EXERCISE GOAL
A faithful copy is required. Print each line of the data exactly and omit the pictures.

DATA RECORDS
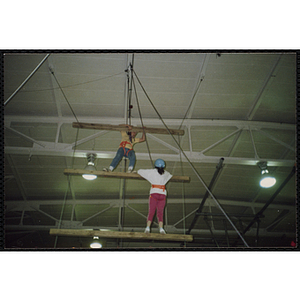 A girl and an indoor climbing supervisor stand on wood beams in a gymnasium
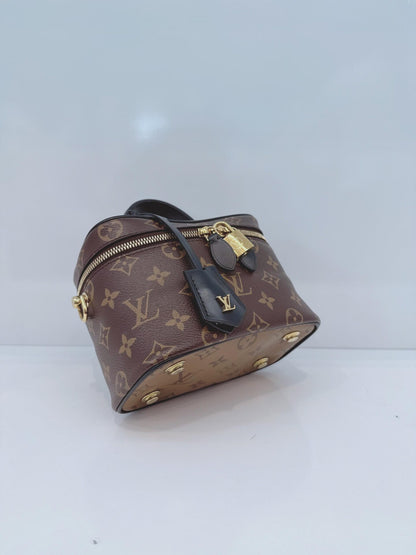 MONOGRAM REVERSE CANVAS VANITY PM  BAG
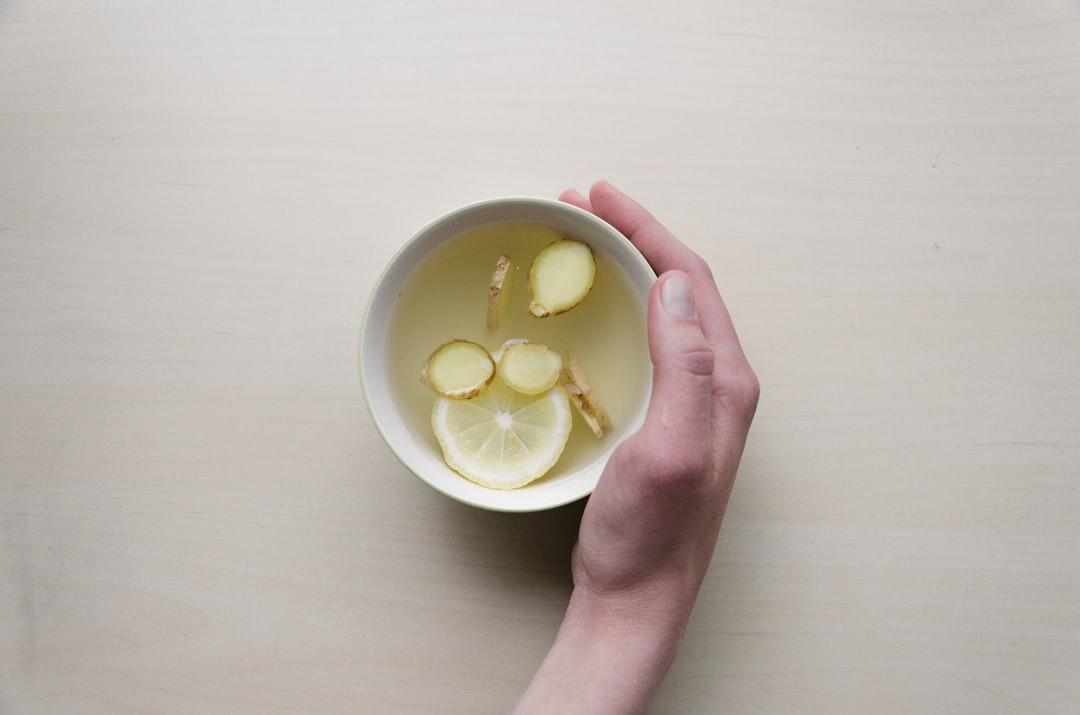 Person holding white bowl with sliced lime and ginger inside from Dominik Martin on Unsplash Hà Nội: Đình chỉ hai cơ sở sản xuất mứt bẩn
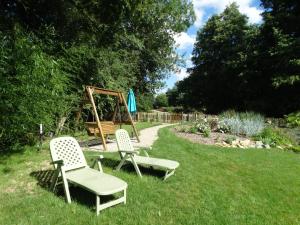 dos sillas y un columpio en un patio en Chalets du pontot, en Le Fay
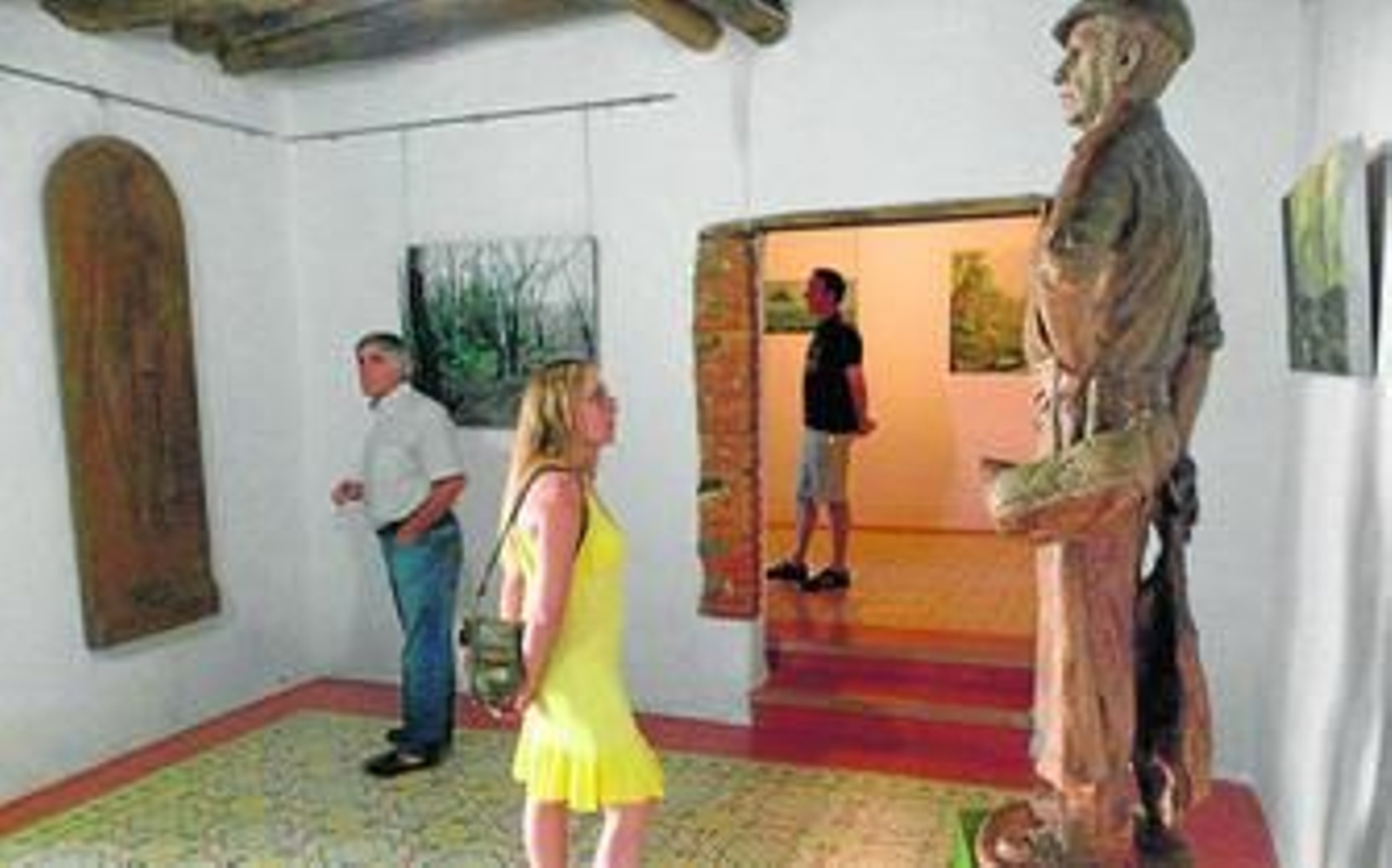 Visitantes observan las obras de la muestra 'Todo por la cultura', en Linares de la Sierra.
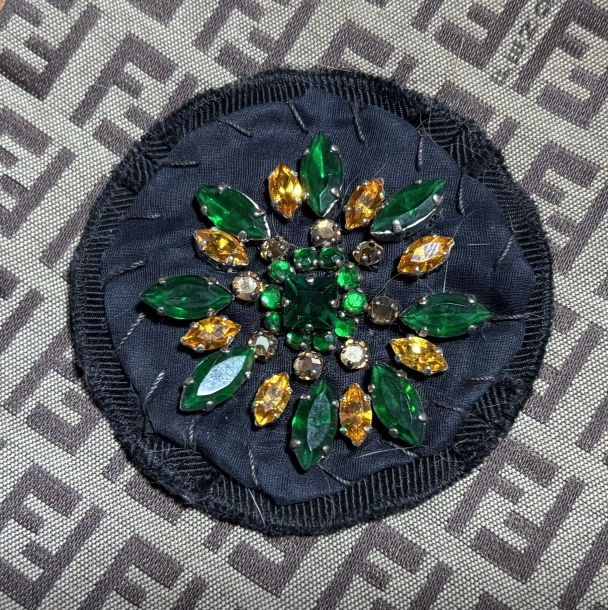 Prada brooch 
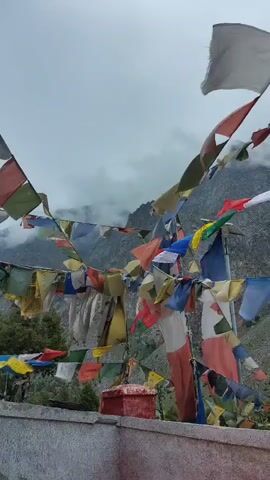 A vertical video displays prayer flags fluttering in the wind against a backdrop of cloudy skies and mountainous terrain. The flags, in various colors and patterns, are strung together and appear to be suspended from poles or wires. The foreground features a weathered concrete wall or structure. The overall scene suggests an outdoor, possibly high-altitude, environment where prayer flags are traditionally used.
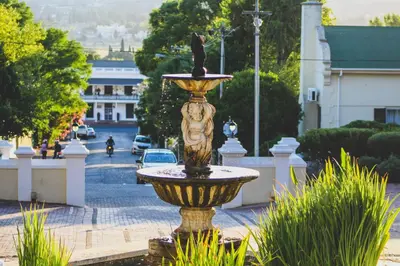 a fountain in the middle of a street at Pontac Manor Hotel & Restaurant in Paarl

YOUR RESPONSE
 A girl and an indoor climbing supervisor stand on wood beams in a gymnasium
 MONOGRAM REVERSE CANVAS VANITY PM  BAG
 Person holding white bowl with sliced lime and ginger inside from Dominik Martin on Unsplash Hà Nội: Đình chỉ hai cơ sở sản xuất mứt bẩn
 dos sillas y un columpio en un patio en Chalets du pontot, en Le Fay
 Visitantes observan las obras de la muestra 'Todo por la cultura', en Linares de la Sierra.
 Prada brooch 
 A vertical video displays prayer flags fluttering in the wind against a backdrop of cloudy skies and mountainous terrain. The flags, in various colors and patterns, are strung together and appear to be suspended from poles or wires. The foreground features a weathered concrete wall or structure. The overall scene suggests an outdoor, possibly high-altitude, environment where prayer flags are traditionally used.
 a fountain in the middle of a street at Pontac Manor Hotel & Restaurant in Paarl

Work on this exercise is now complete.